During Matisse’s time in Collioure, he created multiple iconic Fauvist paintings in addition to The Green Stripe. Other famous paintings from this period include The Open Window, Collioure and Woman with a Hat. The Green Stripe was made within months of Woman with a Hat and the paintings have commonly been understood to be in dialogue with each other.

== Analysis ==
The Green Stripe depicts the bust of Madame Amélie Matisse with one side of her face in direct light, indicated by pink with orange and red along her chin and ear, and the other side painted yellow, indicating half-light. The middle of her face famously has a vertical streak of green from her hairline down her nose to her top lip. Her hair, eyebrows, and eyes are all a deep blue and she is dressed in an orange and pink blouse or dress with a teal neckline. The background is split between pink and orange on one side and teal on the other side.

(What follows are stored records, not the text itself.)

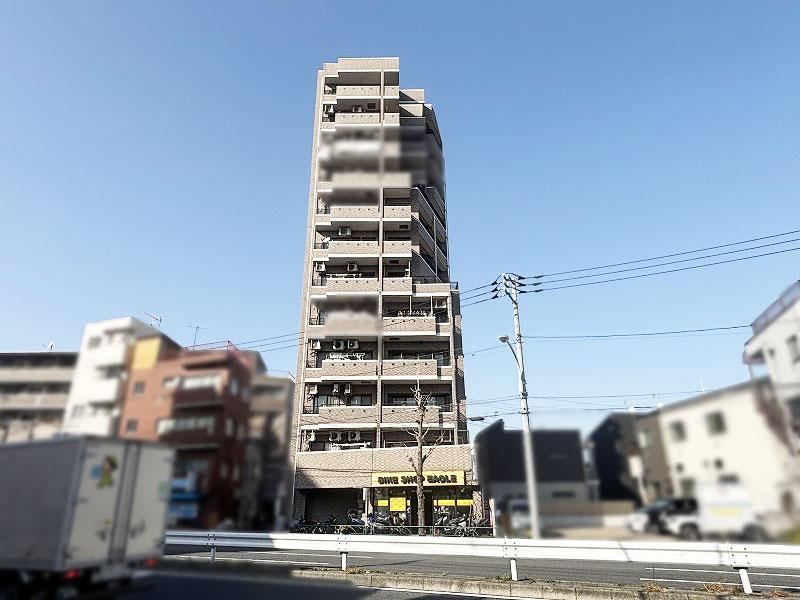 3LDK apartment in Kita Ward, Tokyo - Photo 1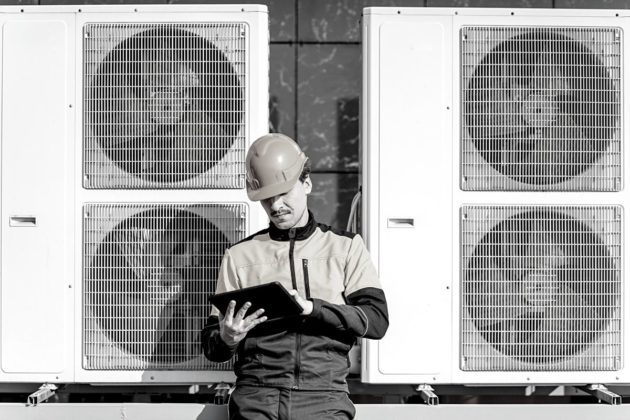 Obligation maintenance pompe à chaleur
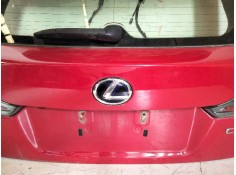 Recambio de porton trasero para lexus ct 200h referencia OEM IAM    2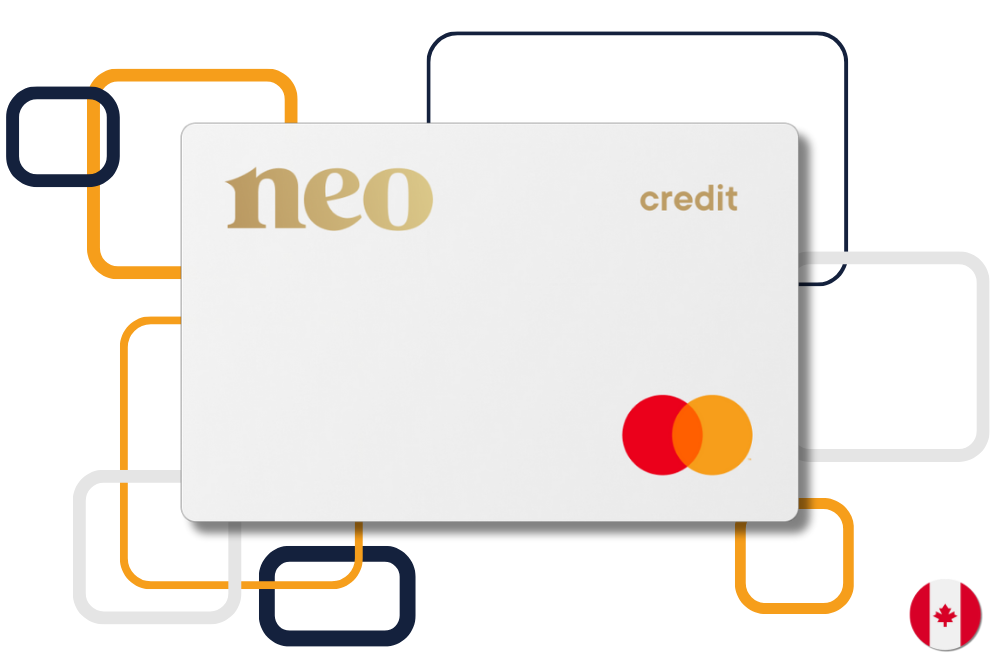 credit card neo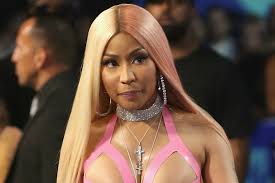 Vinyl, hoodies, cds, and more. Nicki Minaj Apologizes For Retirement Tweet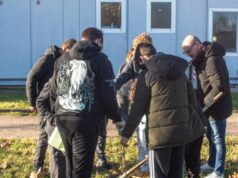 The Morning My School Decided to Breathe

These bold colors are organized into sections that define Madame Matisse's facial features and the lighting of the room wherein she is seated. These blocks of pure color are similar to the techniques of Gauguin and Van Gogh and show development in Matisse's approach to color as he moved away from Impressionism. This evolution can be seen in the contrast between Woman with a Hat and The Green Stripe, which both depict Amélie. Matisse employed shorter paint strokes and a variety of intermingling colors in Woman with a Hat, creating a whimsical environment that does not delve into the character of the subject. The Green Stripe is more serious and intimate with harder lines and a focus on Amelie’s face. Intensity and life come from the purity of color and the tension between the contrasting colors in each part of her face. Even with this closeness, the model still seems mysterious and almost nonhuman.

The conversation between Woman with a Hat and The Green Stripe shows how Amélie was nothing but a model in these paintings. Matisse prioritized his artistic vision and message over the actual personality of the sitter, his wife. Critics and friends alike were unsettled by the lack of humanity in this portrait. A friend of the painting's owners Michael and Sarah Stein called it "a demented caricature of a portrait," and in 1910 the critic Gelett Burgess wrote that The Green Stripe was Matisse's "punishment" of Amélie that compelled the viewer "to see in her a strange and terrible aspect." The art historian John Klein has suggested that difficulties in the Matisses' marriage may have contributed to the portrait's impersonal and mask-like character.